A driving gear 120 is provided on the crankshaft 100. As shown in Fig. 7, the driving gear 120 is meshing engagement with a driven gear 121 which rotates the cam shaft 122. A cam 123a and 123b corresponding to the intake valve 113 and the exhaust valve 114, respectively, are provided on the cam shaft 122. By the rotation of the cams 123a and 123b, push rods 124a and 124b are operated and open and close the intake valve 113 and the exhaust valve 114 via rocker arms 125a and 125b, respectively, at a predetermined timing.
The rocker arms 125a and 125b are attached to the cylinder head 103. Also attached to the cylinder head 103 is a spark plug 126 with its end facing into the combustion chamber 112. An opening 127 is formed in the bottom cowl 6B in a position opposed to the spark plug 126, and closed by a cap 128. Maintenance or exchange of the spark plug 126 can be performed by removing the cap 128 and inserting a tool from the opening 127 without removing the bottom cowl 6B. As shown in Fig. 8, the opening 127, which is formed in that inclined surface of the bottom cowl 6B which faces downward and closed by the cap 128, hardly permits entrance of water, and is hardly visible from the outside and thus good in appearance.
The crankshaft 100 has an upper part received in a fitting hole 130a of a fly wheel 130, engaged with a key 131, and clamped by a nut 132, so that the fly wheel 130 can be rotated together with the crankshaft 100. The fly wheel 130 has an upper surface on which protrusions 130b are formed as shown in Fig. 12 and Fig. 13, so that an air flow is created by rotation of the fly wheel 130.
The fly wheel 130 is covered with a fly wheel cover 133, which is secured to the cylinder body 102 by a clamp bolt 135 together with an extension 134a of a starter cover 134 of a starter 140.
The starter 140 comprises a primary rotor 141, a return spring 142, an engaging slider 143 and a driven rotor 144. The primary rotor 141 is rotatably joumaled on a rotational center shaft 146, and a wire 147 wound around the primary rotor 141 is connected to a starter handle 11. When the starter handle 11 is pulled, the primary rotor 141 is rotated about the rotational center shaft 146, and then restored to the original position by the return spring 142.
The driven rotor 144 is clamped to an upper part of the crankshaft 100 by the nut 132. Along with the rotation of the primary rotor 141, the engaging slider 143 is moved and brought into engagement with an engaging portion 144a of the driven rotor 144. Thereby, the driven rotor 144 is rotated together with the primary rotor 141, and forcibly rotates the crankshaft 100 to start the engine 9. When engine 9 is started, the engaging slider 143 is restored to its original position and disengaged from the driven rotor 144.
The rotational center shaft 146 is secured to the starter cover 134 by a clamp bolt 149. A handle attaching part 134b is formed on the starter cover 134. A rubber seal 148 is provided at the handle attaching part 134b for sealing a gap between the handle attaching part 134b and the top cowl 6A.
In this embodiment, the extension 134a of the starter cover 134 forms a partition and has a periphery 134c.
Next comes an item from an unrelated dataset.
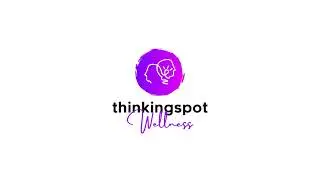 Headteacher Meditation 1 (10 mins) - ThinkingSpot Coaching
A partition seal 150 is provided on the periphery 134c and a rising portion 134d of the starter cover 134 is provided for sealing a gap between them and the top cowl 6A.
The space defined by the top cowl 6A and the bottom cowl 6B is partitioned by the starter cover 134 and the partition seal 150 to form a fuel tank room A on the upper side and an engine room B on the lower side. The fuel tank room A houses the fuel tank 116 and the engine room B houses the engine 9. As described above, the starter cover 134 is extended, and the thus formed extension 134a forms the partition. By integrating the starter cover 134 and the partition, the fuel tank room A and the engine room B can be partitioned with a simple and compact structure and without using a special member.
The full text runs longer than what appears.